In the new year, there seems to be temptations to buy shares in companies like Tesla, Amazon, Spotify and even Snapchat. At the same time, the adage of Einhorn is the skepticism that has been applied to local and regional markets, with the inevitable comment about how it’s all related to oil prices in any event. This obsession of market commentators, investors and advisors is puzzling, especially when there is almost never any talk about investing in good companies.

These macro subjects pose questions to which no one can reliably forecast the answers. And even if you could, the connection to asset prices is tenuous at best. If we look at GDP growth for example, few things seem to obsess commentators more, yet no one has ever managed to demonstrate a positive correlation between GDP growth and asset prices.

Regarding US equity markets, it is important to note that mean reversion has been overlooked in any commentary of asset prices. A decade plus of nearly double the historical returns (fueled by cheap money) must eventually return to more sustainable returns. 2022 should be viewed as part of that adjustment process and that will likely continue.

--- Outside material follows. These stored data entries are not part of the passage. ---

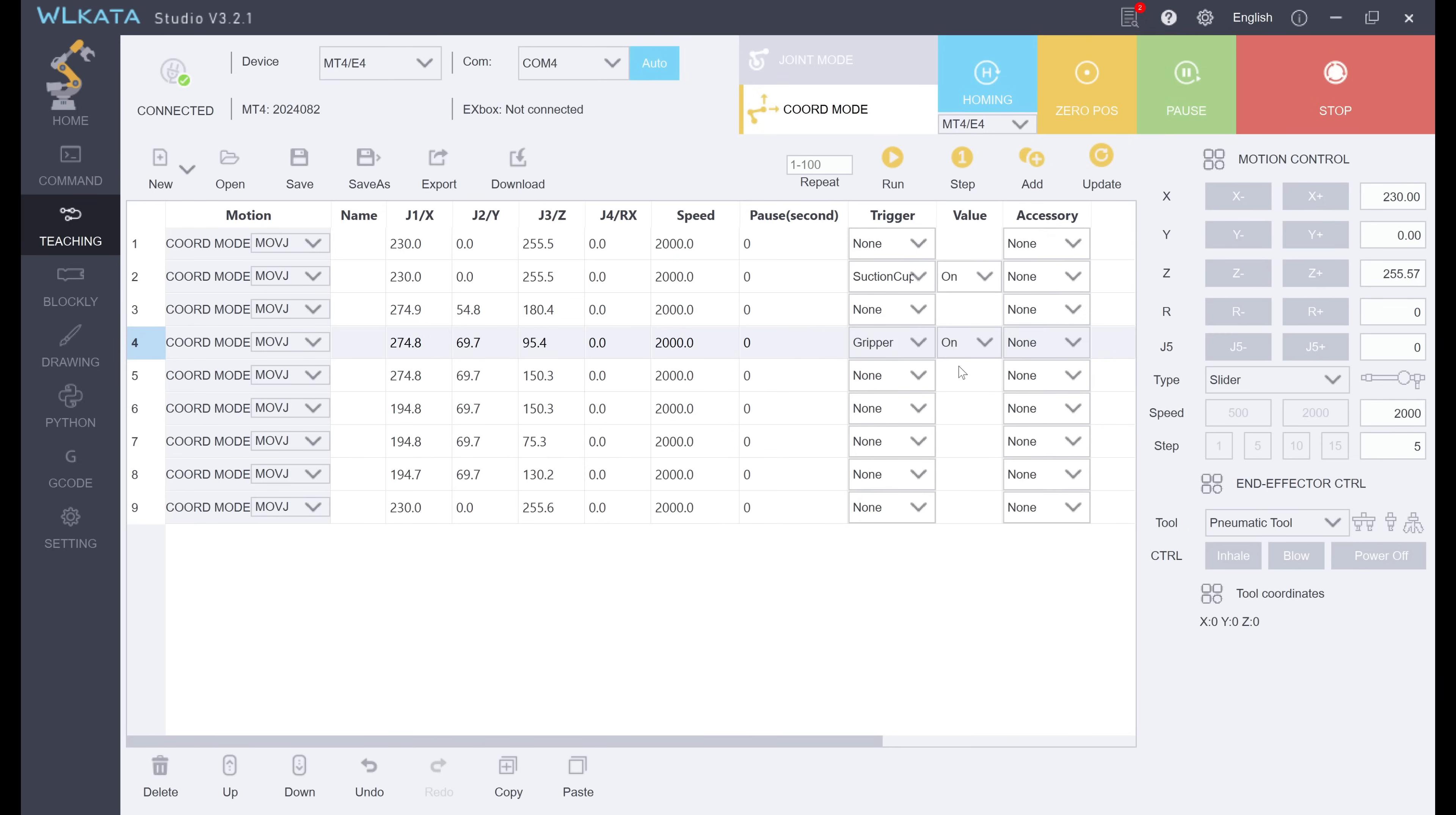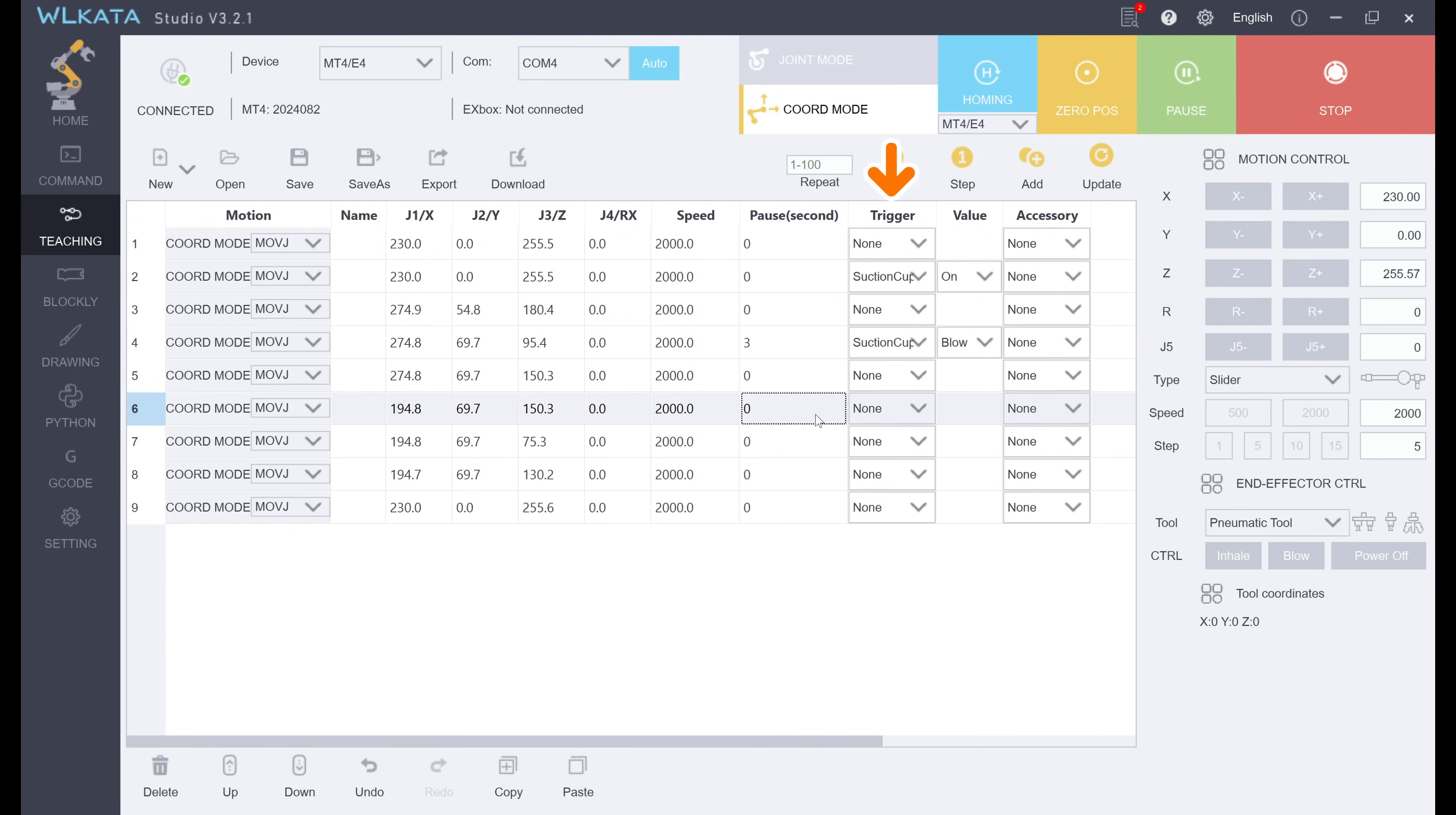As shown on the screen, each step is Coordinate Mode. Now we will add the end effector status control and delay after the corresponding step.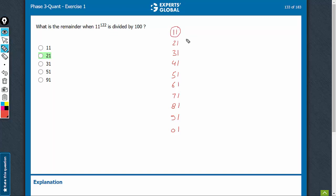And similarly, 11 squared, 11 raised to power 12, 22, 32, 42, and even 122 will have the last two digits as 21. No matter what the other digits are, it's going to be a very big number, but the last two digits are going to be 21.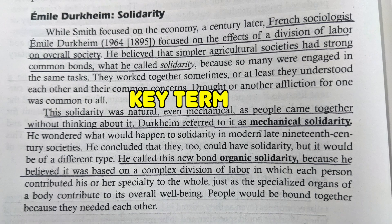The next theorist summarized is Emile Durkheim, under the key term solidarity. Durkheim, a French sociologist and founder of sociology, focused his theory on the division of labor in overall society. He believed simple agricultural societies had strong common bonds — what he called solidarity. This solidarity was natural and even mechanical, as people came together without thinking about it. Durkheim called this mechanical solidarity, a key term related to simpler agricultural societies.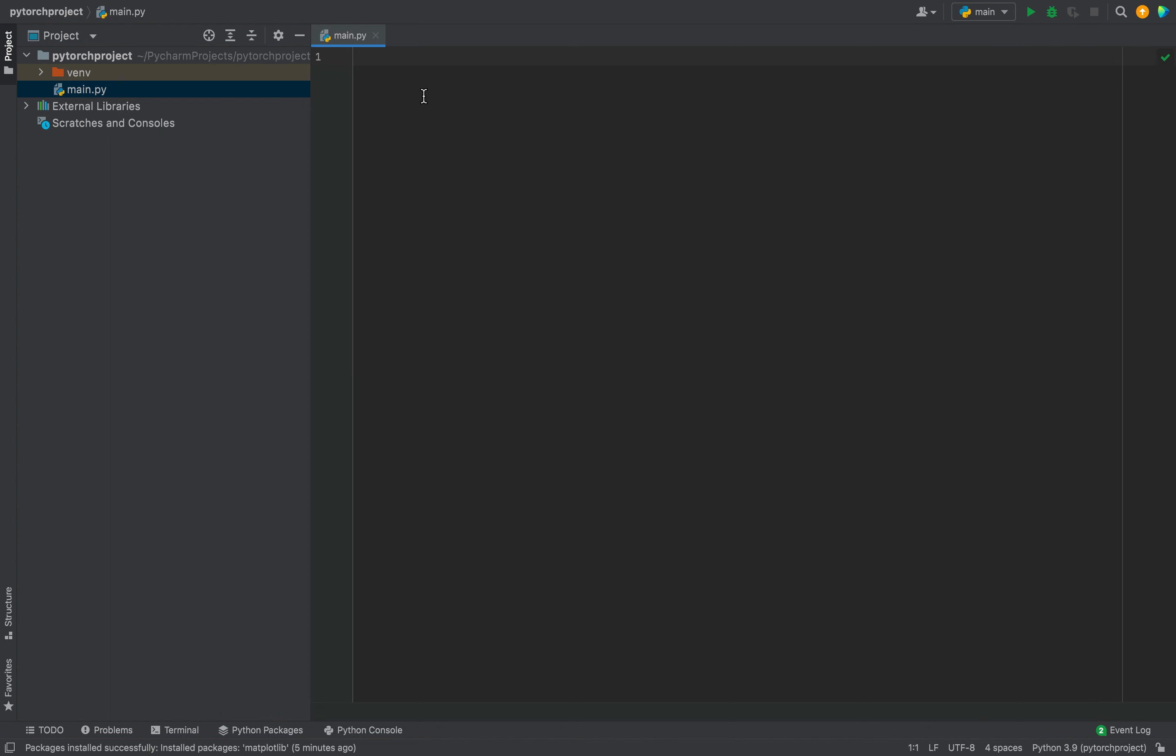Now we're going to test programmatically if the matplotlib library has been successfully installed. We are going to programmatically print the version of the matplotlib library. To do that, inside this script,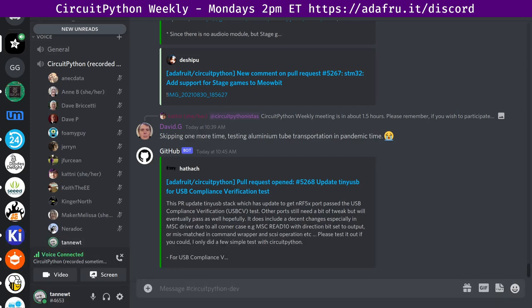Hello, everyone. This is the CircuitPython Weekly for August 30th, 2021. This is the time of the week where we get together to talk about all things CircuitPython. My name is Scott, and I work on CircuitPython for Adafruit.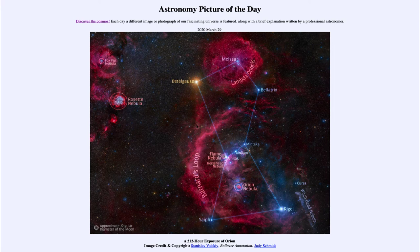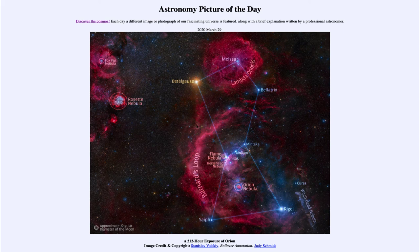We can see a couple of other nebulae off to the upper left-hand side, which are the Rosette Nebula and the Fox Fur Nebula. A lot of these we have looked at over the course of many of the images on this site — things like the Horsehead Nebula, the Flame Nebula, the Rosette Nebula, the Fox Fur Nebula, the Orion Nebula, and even off towards the lower right-hand side, the Witch Head Nebula. So a lot of different nebulae that we've looked at individually, and here we're getting a perspective putting them all together in that very nebula-rich region around the constellation of Orion.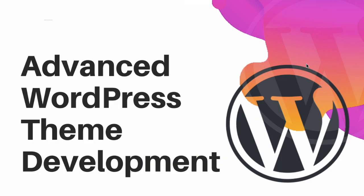Hello and welcome everyone. In this tutorial series we're going to learn about advanced WordPress theme development.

Consider that the S&P 500 returned 330 per cent from 2010 to 2021 (excluding dividends), whereas the historical return has been closer to 8 per cent (including dividends). The opposite is true with regards to capital and asset markets in the UAE, where stellar performances by individual companies have been largely ignored. In point of fact, dividend yields have been almost cast as a negative, when in fact high dividend payouts indicate management’s confidence of generating higher free cashflows, despite the rising cost of capital that everyone loves to talk about.

Companies like Emaar, IHC, Tabreed, and new IPOs like Salik, Dewa, Taaleem and Empower have demonstrated a consistent - and yet superior - track record. That has been despite the cyclicality of oil prices. If we are to look at the wealth created in real estate markets, it has occurred despite long periods where oil prices were at levels that were considered alarming.

Dubai property market has shown the way

A fairly obvious lesson from this is to stick to basic facts where companies apply basic principles of growth generation and free cash flow growth, that have largely been ignored until recently by Western asset managers. Note the asymmetry here again: dramatic falls in share prices of Western companies are looked at buying opportunities, whereas the same is considered a negative when we see it playing out locally.

In real estate, the skepticism has been overcome, with Dubai now being considered as a global hotspot despite the historic volatility that has been witnessed. This has largely been done because of continuing proactive regulatory reform, but also because it has achieved acceptability given the critical mass of the industry, both in terms of size as well as its accessibility to data. A similar process is underway in the capital markets.

Curiously, in all of history, there has never been an example of an economy where real estate markets have flourished and the capital markets have not.

Why should investors care? It is important to highlight the siren song of investing, which is about simple metrics such as cash return on capital invested , something that many of the listed companies in the UAE have a proven track record.

An ignored detail

Yes, currently, the media does not highlight the successes as it does for Western companies (Bayanat was the best performing IPO of any market last year). But in the final analysis, we all know that people will struggle to make a good return on investments that consistently lose money or have a return that is less than the cost of capital. If we can agree on these first principles, we must recognize that companies like Emaar, Tabreed, Empower, Salik, etc., must be more highly valued than money losing companies like Spotify, Snaptchat and Gamestop.

Then a buy-and-hold strategy will always work. To follow this train of logic to its natural conclusion, we must agree that on a net basis, there is more likely to be a ‘value trap’ for most Western equities than the UAE markets.